Mint.com allows consumers to manage their personal finances by aggregating content from bank accounts, brokerage accounts, mortgage accounts, and other online sources.  It offers users a comprehensive dashboard view of their finances — allowing them to track changes day by day and to compare this month's spending against their typical budgets. Mint.com builds its business model around referrals: It funnels offers to consumers to save them money. For instance, if a user is paying a high interest rate on her credit card, Mint.com will recommend other credit cards with lower interest rates. These lower rate cards pay for the privilege, at least in part, of placement. Mint.com complements consumers' multiple online accounts (like their account with their bank or brokerage), but provides an aggregated, easy to understand overall view of consumers' financial lives.

Intuit Online offers financial management services as well — an outgrowth of its client program, Quicken.  Intuit Online makes a lot of its money through B2B2C services, white labeling its financial services to over 2,000 small-to-medium financial institutions. Credit unions and banks pay to outsource the financial management services function to Intuit, offering their consumers sophisticated online tools — but under their own brands. This strategy makes sense because many more consumers use their banks’ Web sites than employ a client program (like Quicken client), creating a large addressable B2B market.

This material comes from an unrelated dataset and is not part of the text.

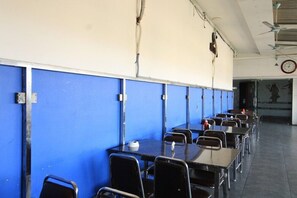 Dining - Hotel Pondichery (Puducherry)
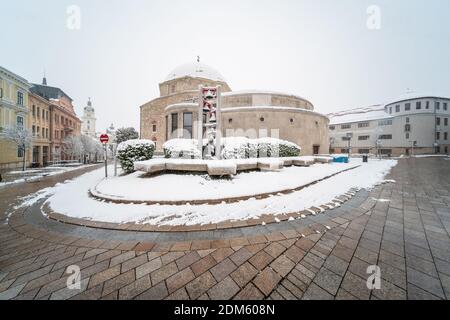 Inverno a Pécs, Ungheria a Széchenyi Tér Foto Stock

The larger story here? “Consumer cloud computing,” more accurately described as Web-based application delivery. Intuit saw upstart Mint.com gain 1.5 million customers to its free online service in only two years of existence –  eclipsing, at least slightly, the installed Intuit Online user base. Mint.com’s cache with young people, its recommendation and budgeting technologies, and its iPhone App all complement Intuit’s own approach.

From a consumer product strategy perspective, packaged software providers are moving to create Web-based experiences to complement, or to supplant, their client programs. Anyone remember brick-and-mortar Egghead Software, or the size of software aisles in the bygone days of now-defunct CompUSA?  Those days are long gone, and packaged software is a challenging business unless you are Microsoft Office.

These Web-based services must offer some feature that's uniquely suited to the cloud — like collaboration with peers or content sharing, or, in this case, aggregation across a wide variety of personal accounts plus the ability to access one's information from multiple platforms and locations. 

Alongside Turbotax (a very successful Web-based application, Turbotax.com, in addition to the long-successful client program), these assets will help Intuit move away from its heritage as a giant of consumer packaged software. Instead, Intuit becomes an even stronger Web-based service provider — one that can monetize those Web applications via an increasingly diversified set of business models.